Alex Katz on work, life and New York
The great artist on working outdoors, how it takes a week to know if a painting’s worked and why nudes don’t date
We’re very happy to have caught up with a number of Phaidon’s artists and authors this year. However, we were especially pleased to speak with the great New York painter Alex Katz. Aside from answering our 2014 questions - twice (thanks Alex!) he also offered us a bit more insight into his art, life and working practices. Here's some of what he told us earlier this week.
In painting, do certain subjects suit certain dimensions?
"It depends. There’s no such thing as original life size. A two-inch piece by Giacometti is life-sized, but at a distance. Then again, the movie screen blows things up massively, and your eyes adjust to it."
How much time does it take to work out whether a painting is successful or not?
"Well, a painting looks different after a week. After a week I know whether it’s successful, but paintings change all the time. There are paintings that some people like, that I don’t like at all. There could be a number of things that bother me about a work, that don’t bother other people."
Do you ever photograph your subjects?
"I don’t photograph, I paint from life. I paint in-situ generally, wherever it is. I remember painting at night, outdoors in Chelsea. I had a cap pulled over my head; no one recognized me. A guy came along and said ‘that’s not bad. I’d like to buy it.’ I said, ‘I can’t sell it to you, I’m an amateur.’"
Do a lot of people paint outdoors in New York these days?
"There are a million painters painting outdoors, or there used to be anyway. Central Park is full of guys painting outdoor scenes. They’re not highly regarded by the sophisticated art world. And I’ve been put in that category by some people."
When you see in image you want to paint, is the subject immediately clear to you?
"Yes, it’s pretty immediate. Sometimes it comes from other paintings, sometimes comes from real life. But it’s immediate. Generally I have a sensation and I know I’m going to get a good painting. It doesn’t come too frequently."
Is there anything you can do to try to find those images?
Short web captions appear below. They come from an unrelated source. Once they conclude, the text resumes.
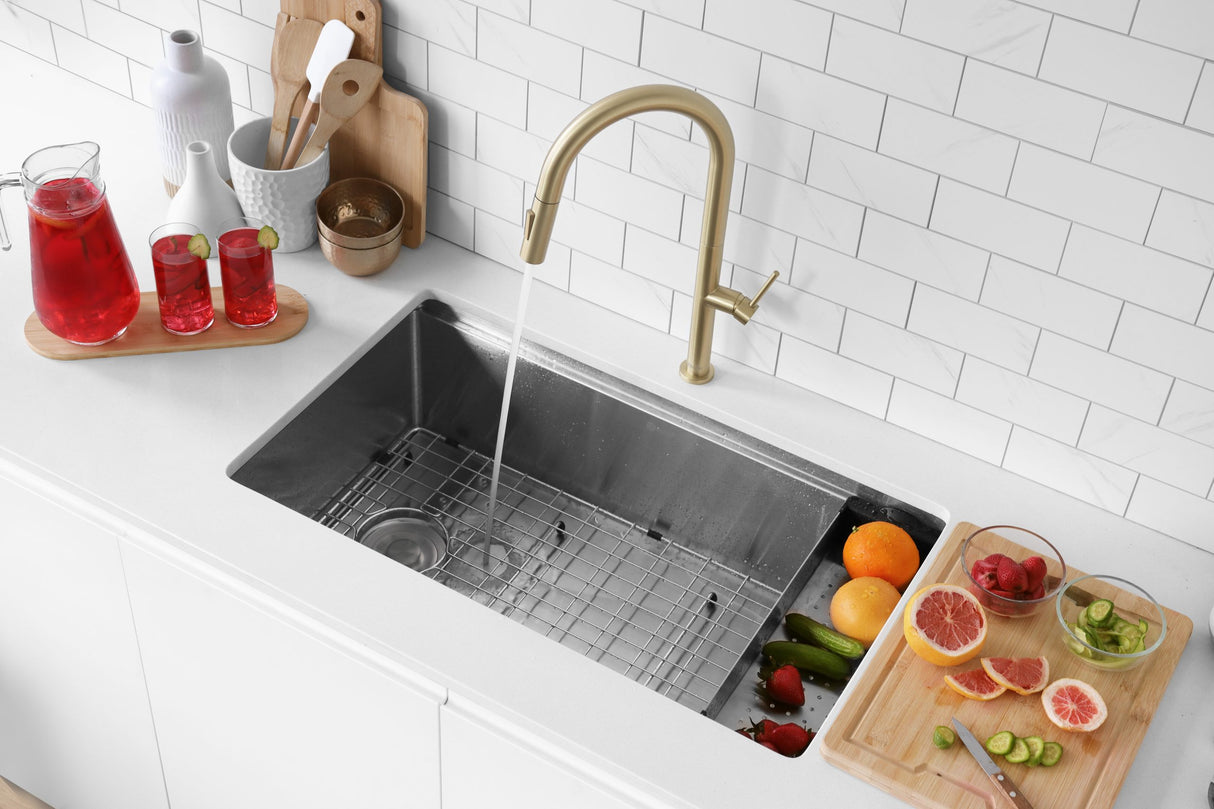 Catania Single Handle Brushed Gold Pull Down Kitchen Faucet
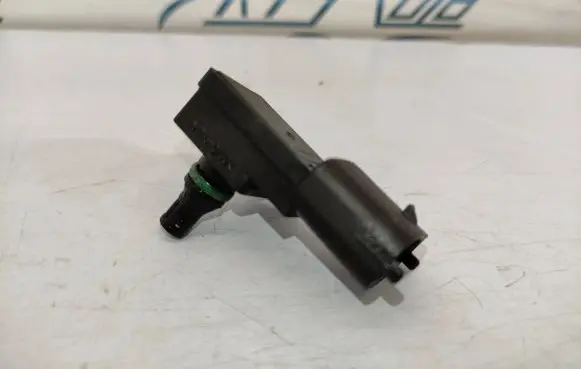 Chevrolet Captiva Air pressure sensor 96440381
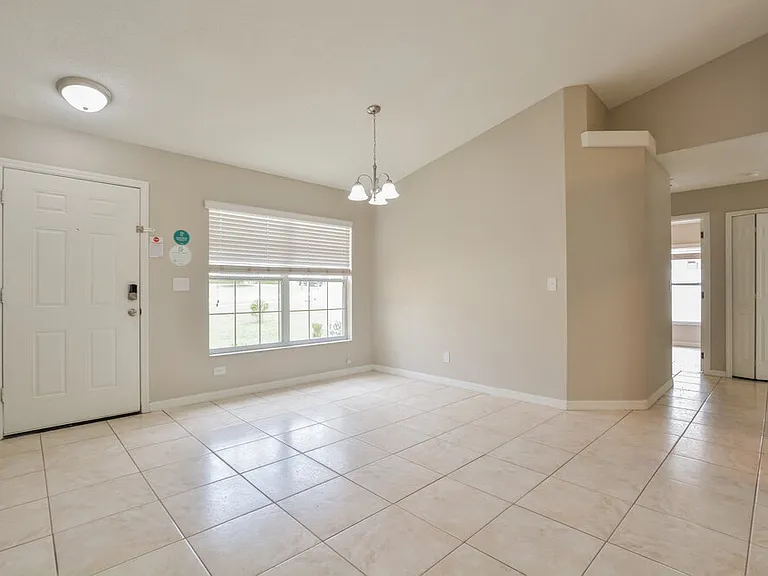 12020 Woodglen Cir — Photo 3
"Nah, if I’m not thinking about it, it just comes. I’ll be doing sit-ups, look at the window, and there’s a big pop."
How about your models. How do you decide on whose face to paint?
"I just look at them. There’s a woman who’s a curator of a show of paintings from the sixties. She had a sensational face, and she posed for me. I had been in Salzburg and I saw this woodcut by Anselm Kiefer. I thought it was fantastic, so I went home and tried to do a cut like Kiefer. It was an across-the-board winner, but, for me, it doesn’t look anything like a Kiefer. When I was working on it, I was thinking ‘why can’t I get it to look like what I want it to look like?’. Anyway, I liked her face, because it was not a fashion beauty, it was another kind of beauty, it was historic somehow. I’ve just signed it, and I think they’ve already sold some from a proof at a fair. It’s red-hot. Every ten or fifteen years, I do a woodcut that’s red hot. This is the one. It’s called Diana."
Where else have you come across models?
"All kinds of places. I tell you, a pretty crazy thing led me to one of them. There’s this commercial photographer that lives downstairs from me by the name of Howard Schatz. A while ago, I was preparing for this exhibition in Hannover, and was wondering what to show. I suggested nudes, as I do one every four years. They said great.
"So, I was looking through my nude paintings, and there are two I think are terrific, but that last few are just so-so. Anyway, this photographer comes up and, and he sees all these nudes. And so he think I’m a nude fanatic or something. So, he said ‘I’ve got this model’. So the model comes up, and she’s got no clothes on; she’s only wearing high heels. Immediately, I knew she was no fashion model, and she’s not an artist model. Turns out she’s a performance artist. So I did a lot of drawings, six, seven or eight, and more than one painting. And the paintings were out of control - a bit wild. So I made some drawings, but she left. Anyway, I’m definitely going to do something like that again. Not quite like them, but similar. That, I know will be interesting."
You say you do nudes roughly every four years?
"That's a rough approximation. The nudes look as if they’re in a more generalized time frame than the subjects with clothes, because styles of clothing change. Whatever the clothing is now, I want to paint. I like clothing, I like the way people wear clothing. It gives the picture some energy."